Painted cloth has been found as early as the eighth century, using various minerals and plants which were ground into pigments with a media such as egg yolk (tempera), and sizing made ingredients such as fish parts or glue from the hides of animals, and then sealed with coats of gesso combined with a sizing mixture. Stained cloth (also known as “printed cloth”) has been in existence since 23 A.D., The oldest examples having been found in the 6th century A.D., in the tomb of Saint Caesarius of Arles, using woodcuts, plant dyes and wax. Cloth Printing continued well into the eighteenth century, lending itself to more elaborate designs and patterns.
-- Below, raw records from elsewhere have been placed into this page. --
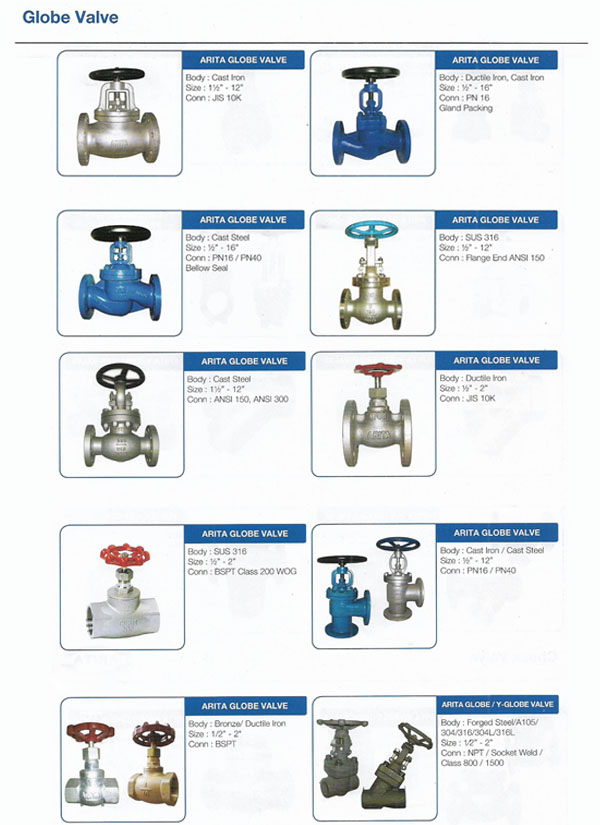 globe valve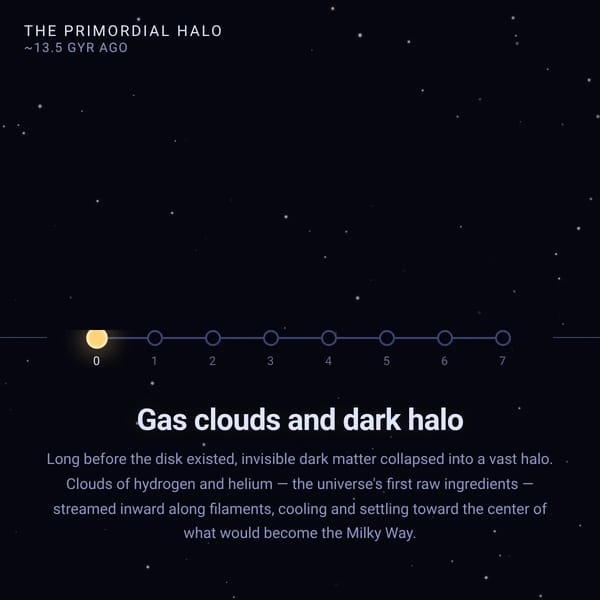 Milky Way Ages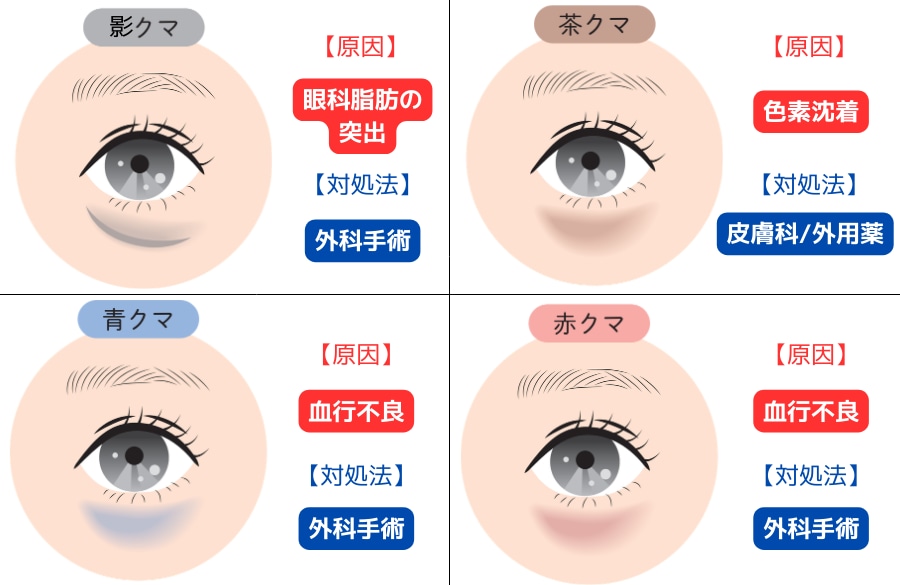 全てのクマ治療に対応できるか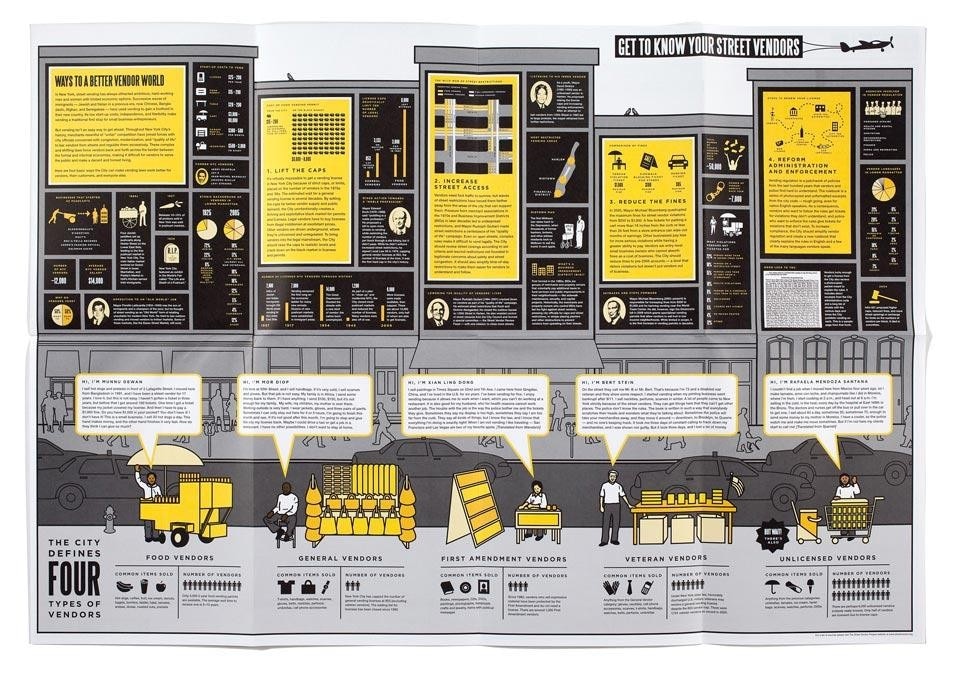 <em>Vendor Power! </em> Street vendors are often recent immigrants and in NYC they speak many languages. The poster uses mostly graphics to tell the story of the street vending laws. Where there is text it appears in five languages, the ones most common to the city’s street vendors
Painted cloth was an affordable option to the elaborate woven and embroidered tapestries or cloth made by local weavers and borderers or purchased from merchants dealing in imported textiles. Craftsmen dealing with pigment within the middle ages were classified as Painter-Stainers (peynters / stayners, steyners), dealing with the art of painting cloth or printing cloth which involved stain applied to carved wood blocks (woodcuts) to produce a repetitive pattern. Embroiderers worked closely with these craftsmen in producing designs for the tapestries of the embroiderers, noted in Cennino Cennini's Libro dell 'Arte that the painter will act as designer, explaining how to use charcoal and fixing a drawing with ink on damp cloth.1 In the twelfth and thirteenth centuries painters/stainers were formed into guilds, depending on the medium and materials which they worked in and by the fifteenth century, become quite popular, which they were then separated into their specific crafts.2 The trades of these craftsmen were guarded to anyone outside their craft, resulting in feuds between guilds when apprentices from one specific guild were hired within another.3 Painted cloth was produced by the Flemish, English, Italians, Germans and French and were frequently used for home decoration and in the sixteenth century it was customary to decorate one's home with large painted clothes of various images as a replacement of more costly tapestries.3 Painted cloth also adorned churches in the way of alter cloths, used for military standards, banners, and wall hangings, and were primarily commissioned works of art.

 

Creating a Painted Cloth using Period Techniques

Canvas, linen, silk were fabrics commonly chosen for painted cloth, which it then would be stretched over a wooden frame and tacked down to stabilize the cloth. The cloth would then be prepped with either potter's clay or ground gesso, although the gesso was preferred as a method which was least to crack over time and proved fill in-between the fibers of the cloth, providing a smoother surface to paint on. A piece of charcoal would have then been used to draw out the design, and an egg tempera applied to the surface of the prepared cloth. A varnish would have been applied directly over the painted image as a protective means, from the elements and wear and tear.

 

Extraordinary Example of Cloth Painting is Thangka Painting

Thangka painting is an extraordinary example of cloth painting. There has been a Tibetan tradition of thangkas (Cloth Painting), ('scroll paintings') for many hundreds of years. In the creation of a thangka (Cloth Painting) there is a wealth of ceremonial, magical and artistic tradition.The imagery, especially that depicting wrathful deities, has its ancestry deep within the pre -Buddhist shamanic traditions of Tibet.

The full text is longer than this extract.